Conforme prega o renomado especialista em Direito da Insolvência e professor da PUC-SP, Daniel Carnio, a interpretação das normas deve superar o antigo dualismo entre credores e devedores. “Deve-se buscar sempre a realização do emprego, do recolhimento de tributos, do aquecimento da atividade econômica, da renda, do salário, da circulação de bens e riquezas, mesmo que isto se dê em prejuízo do interesse imediato da própria devedora ou dos credores”, destaca Carnio em seu texto Reflexões sobre processos de insolvência: divisão equilibrada de ônus, superação dualismo pendular e gestão democrática de processo.

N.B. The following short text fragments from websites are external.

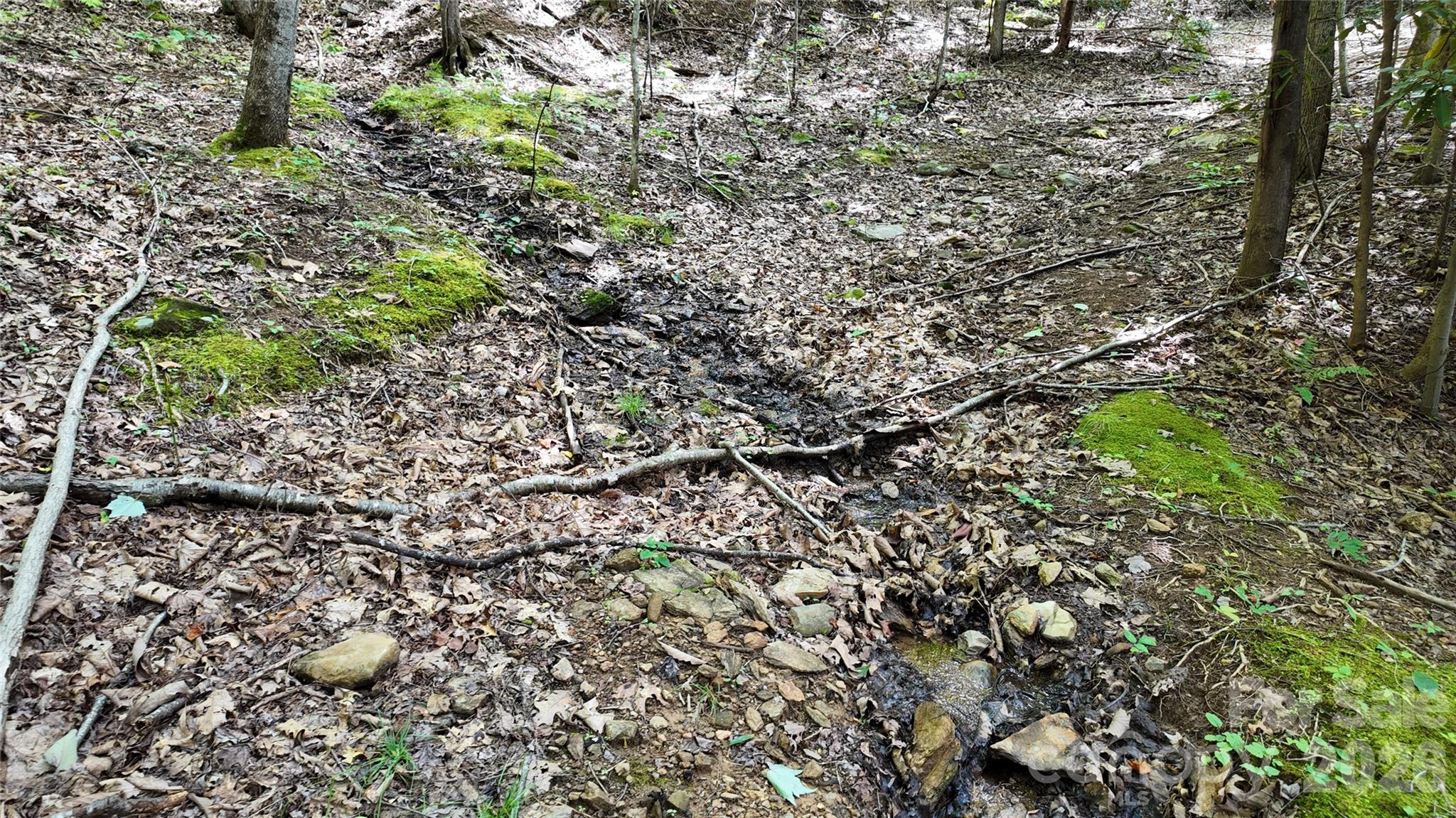 Acreage at 99999 Saw Branch Road, Candler, photo 10 of 37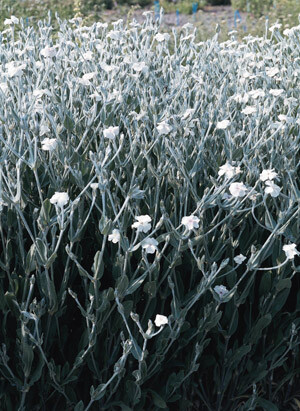 Lychnis coronaria Alba 2,000 seeds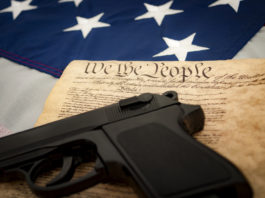 Controllo del background personale: i numeri degli Stati Uniti Controllo del background personale i numeri degli Stati Uniti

A falência, portanto, deve ser aplicada apenas quando a empresa não for mais capaz de gerar benefícios econômicos e sociais. Uma empresa não é apenas um CNPJ. Ela representa empregos, salários, fornecedores, tributos e circulação de riqueza. Ao decretar sua falência, todos esses elos são impactados.

Permitir que protestos realizados sem esgotar todos os meios para a devida intimação pessoal é abrir um precedente que transforma um instrumento de exceção, como a intimação por edital, em mecanismo de coerção para cobrança de dívidas. Isso pode comprometer a segurança jurídica de milhares de empresas em crise. Ter no processo o registro do nome da pessoa que recebeu a intimação não é apenas uma formalidade cartorial, mas uma oportunidade para proteger a integridade de todo um sistema, e de reafirmar que o devido processo legal é pilar inegociável do Estado de Direito.